# Am I crazy?



## ScubaSkyDiver (Jun 8, 2015)

Here is my situation. I am married and I've had issues with my wife keeping her word. We would both agree to things like we would not masterbate, watch porn things like that. I would keep up my end of the deal but I would catch my wife doing these things and she always makes it sound like it's not a big deal. This has gone on to include many things like us agreeing not to delete text messages or FB messages and to keep our accounts open to the other so we can be open and honest. I have done all of these things but I have caught her also deleting her messages. When I confronted her she says She just likes to keep it clean even though we had an agreement. Then it gets worse. She cheated on me and I found out and confronted her. She lied at first but then admitted it. I tried to forgive her and she agreed to have zero contact with him and delete him off FB. Then I discovered she did not delete it, and confronted her. She again said she would. Then I found she would unblock him, talk to him and delete his messages. I confronted her again and again she promises to not do it again. then I recently discovered that she unblocked him again, and I confronted her. She says she decided it was ok because it is her choice not to talk to him so he doesn't need to be blocked. We got in a huge fight. I don't feel like I can trust her at all. Then to make it the worst while at my daughters graduation ceremony (not her daughter, previous marriage) I found her texting him again. I confronted her and she says he was just checking in on her. But she promised to have zero contact. She tells me I am wrong and none of this is a big deal. Any I crazy to think that when you tell someone you are going to or not do something, that is what you do and not to have all of these exceptions!? Am I crazy? Please help!!!!


----------



## naiveonedave (Jan 9, 2014)

why would you try to trust someone who lies to you at every turn? You are not crazy, you are in self perseveration mode.


----------



## Somanylemons (May 2, 2015)

I'm sorry to hear this.

Your wife's behaviour suggests that she doesn't respect you or your marriage. 

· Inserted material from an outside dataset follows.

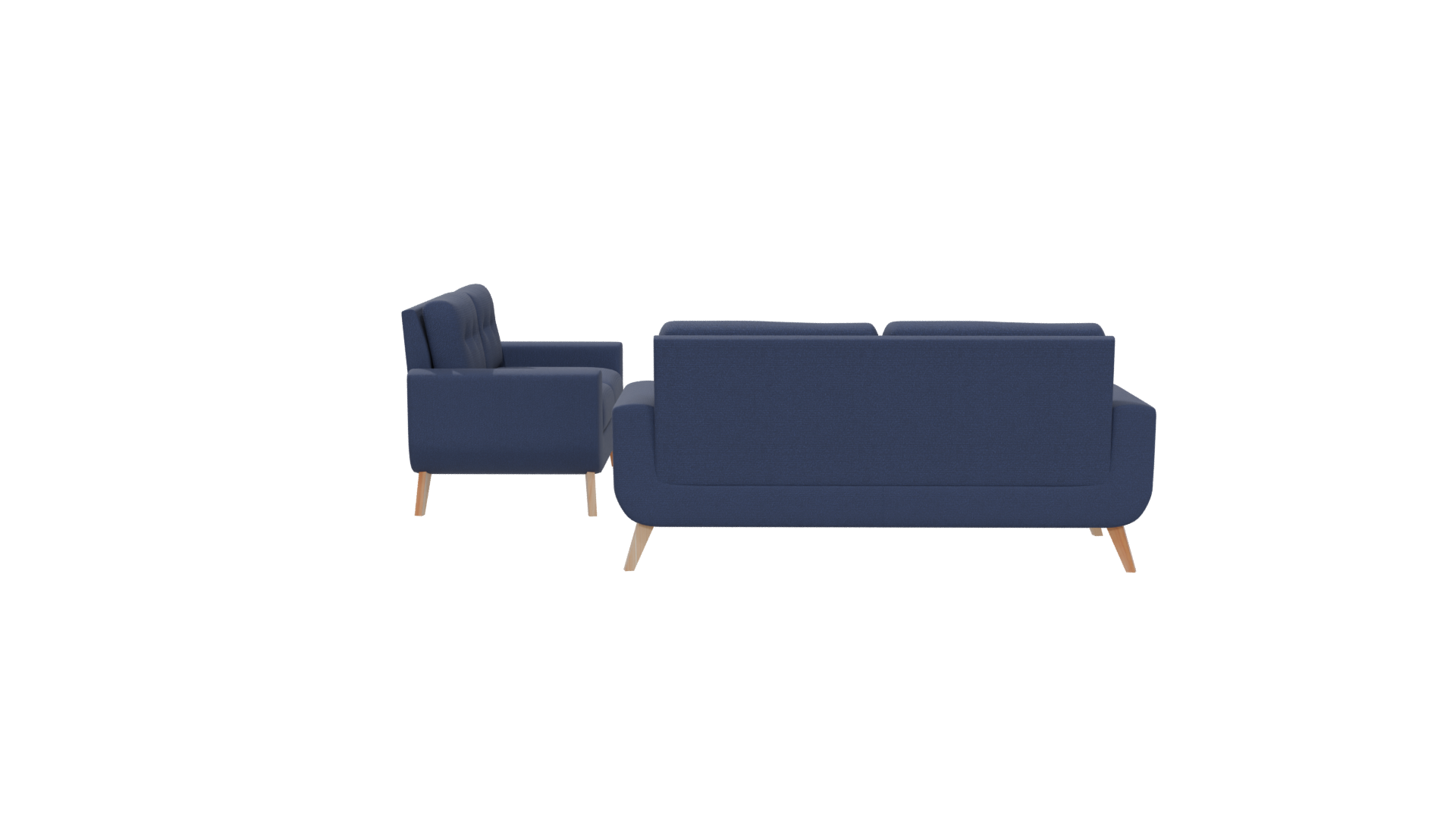 Stylish Modern Fabric Sofa Set 3D Model - Professional 3D Model Render 5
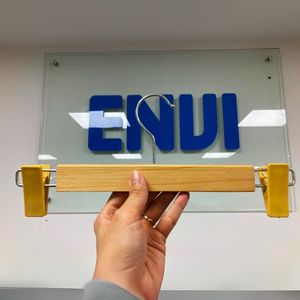 Best Quality from Vietnam Wood Pant Hangers Wholesale Price Wooden Hangers for Pants With Customized Logo - Product Image 6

I wouldn't go on like this, having contact with a former affair partner is cruel. 

Do you want to continue in this marriage?


----------



## ScubaSkyDiver (Jun 8, 2015)

She keeps telling me she isn't doing anything wrong and it's no big deal and I am overwhelming her with all of my expectations. I just want her to do what she says no matter what it is. I feel that when I give her my word or agree to do something I need to do it, and if I don't agree at some point we should discuss it and not just stop doing what I agreed to do or not do. She will just later on decide the agreement no longer applies then change or not do what we agreed to and I have to confront her. It's starting to make me feel like I am crazy. She says I am a control freak with all of these expectations. I just want her to do what she says....


----------



## Somanylemons (May 2, 2015)

We don't know how many expectations you have of your wife so we can't really judge that. Perhaps some of them are unreasonable. 

What is definitely not unreasonable however is expecting her not to have contact with her affair partner. 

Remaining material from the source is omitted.